The Three E’s of Quantitative Research: Estimand, Estimator, Estimate
- Mayta
- Jun 19
- 1 min read
The Three E’s of Quantitative Research
Term | One-line definition | Where it “lives” | Simple example (blood-pressure drug) |
Estimand | The scientific question expressed as a precise quantity you want to know. | Before data are collected. | “The average reduction in systolic BP (mm Hg) if every adult took Drug X instead of placebo for 12 weeks.” |
Estimator | The recipe or formula you will apply to data to target the estimand. | In your analysis plan / code. | “Difference in sample means between the Drug X group and placebo group (unadjusted).” |
Estimate | The numerical answer you get after running the estimator on the actual dataset. | In your results table. | “–7.4 mm Hg (95 % CI –9.1 to –5.7).” |
How they fit together
Start with the estimand.
Clarifies what effect, in whom, and under which conditions you care about.

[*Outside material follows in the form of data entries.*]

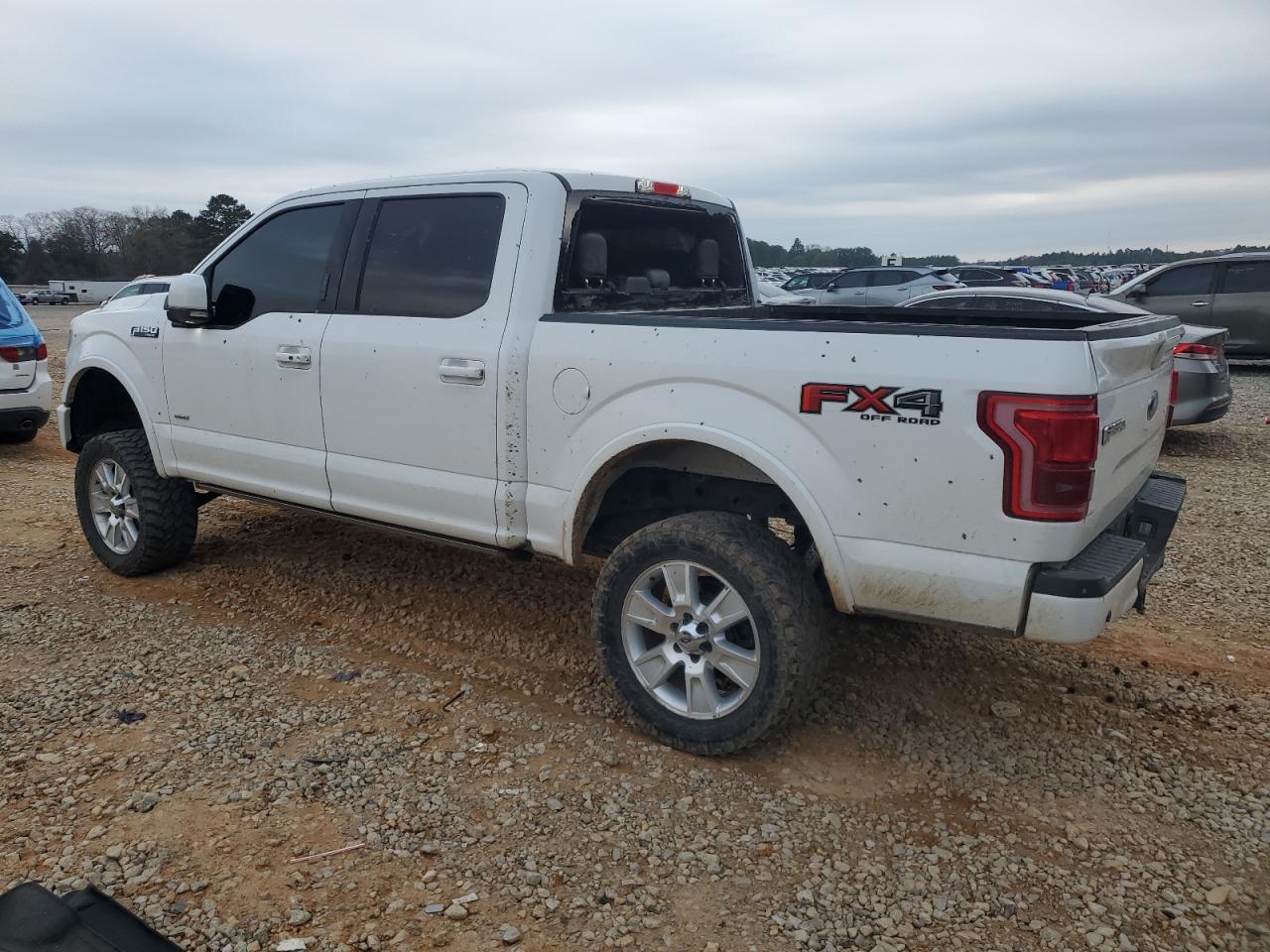 2015 Ford F-150 - Image 2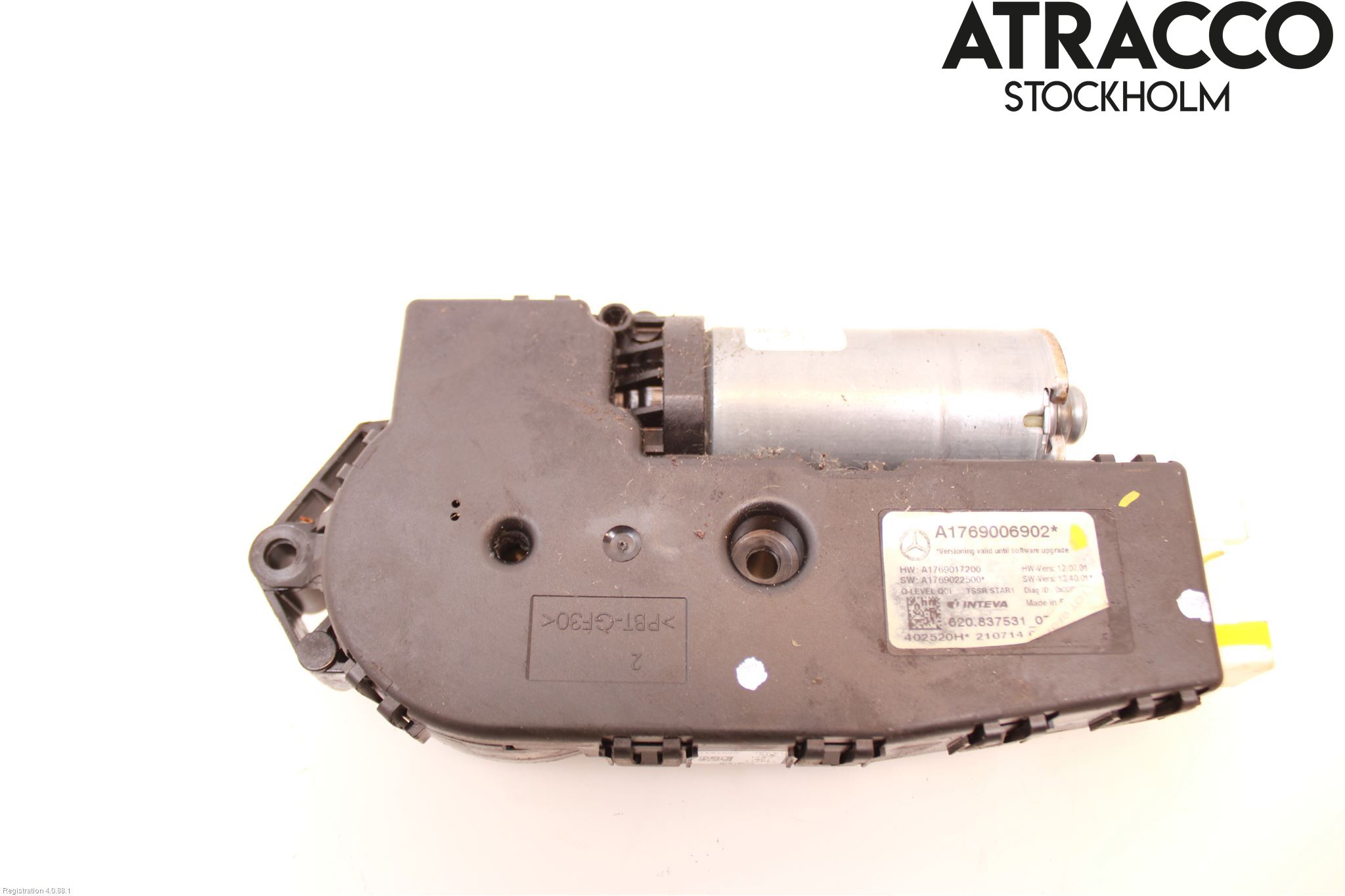 Mercedes-Benz MB CLA-KLASS (C117/X117) 13-19 Takluke Motor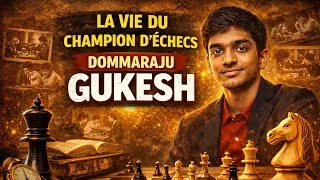 Miniature : Dommaraju Gukesh en 5 minutes 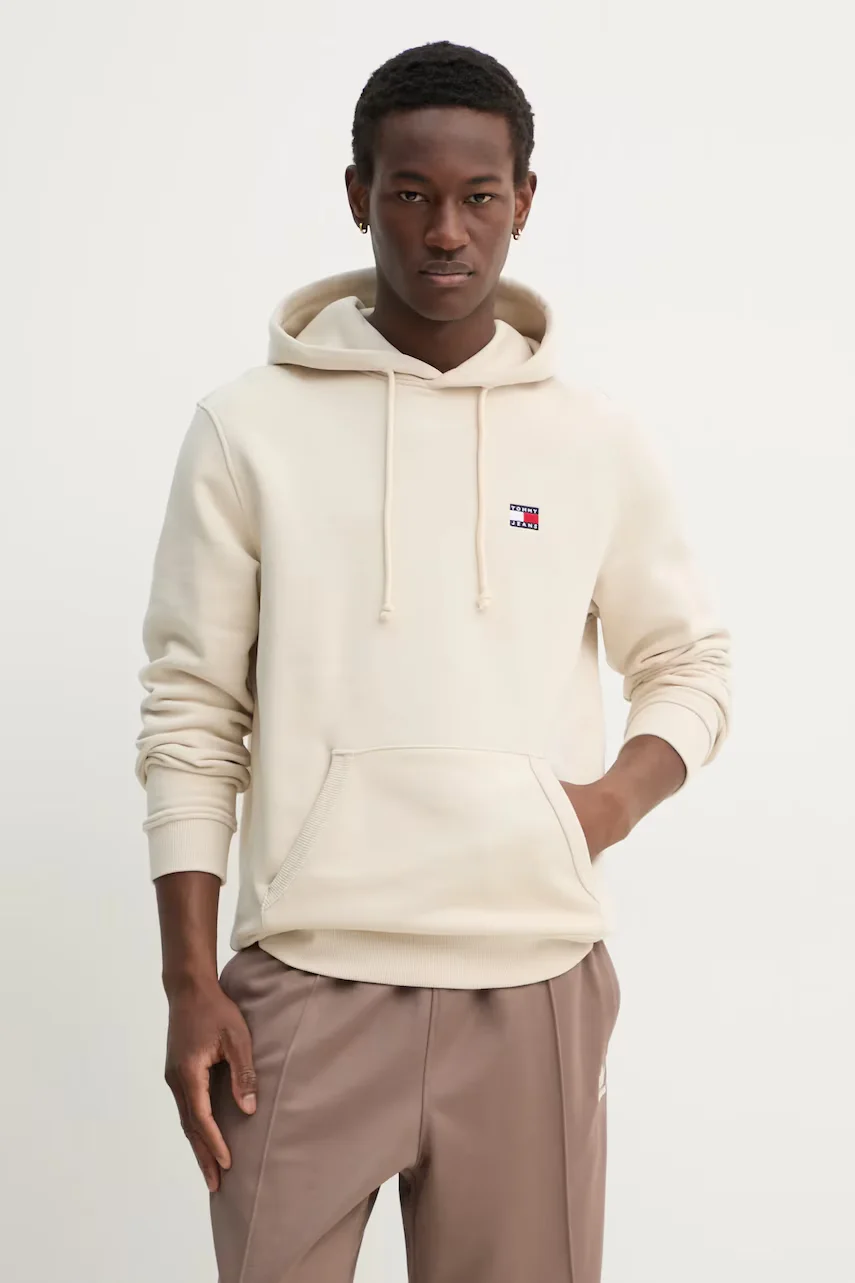 Tommy Jeans Памучен суичър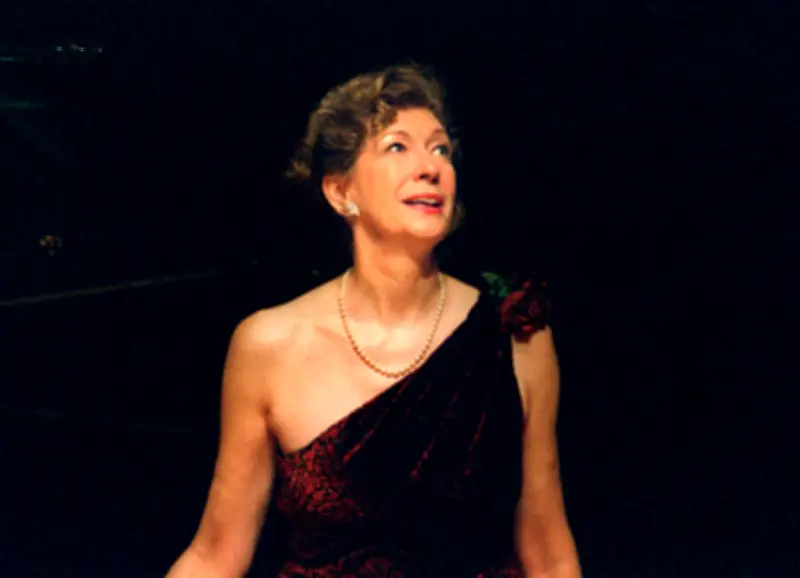 Felicity Lott, une soprano née pour l'amour et la musique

Choose an estimator that is valid if the required causal/statistical assumptions hold.
Could be as simple as a risk difference, or as complex as a targeted-maximum-likelihood algorithm.
Compute the estimate once you have data.
This single number (plus its uncertainty) is what you report.
Key points to remember
Estimand ≠ Estimator: The former is a target; the latter is a tool.
Different estimators (e.g., regression with covariate adjustment, IPW, G-computation) can aim at the same estimand.
The estimate is data-dependent and will change with a new sample; the estimand and estimator do not.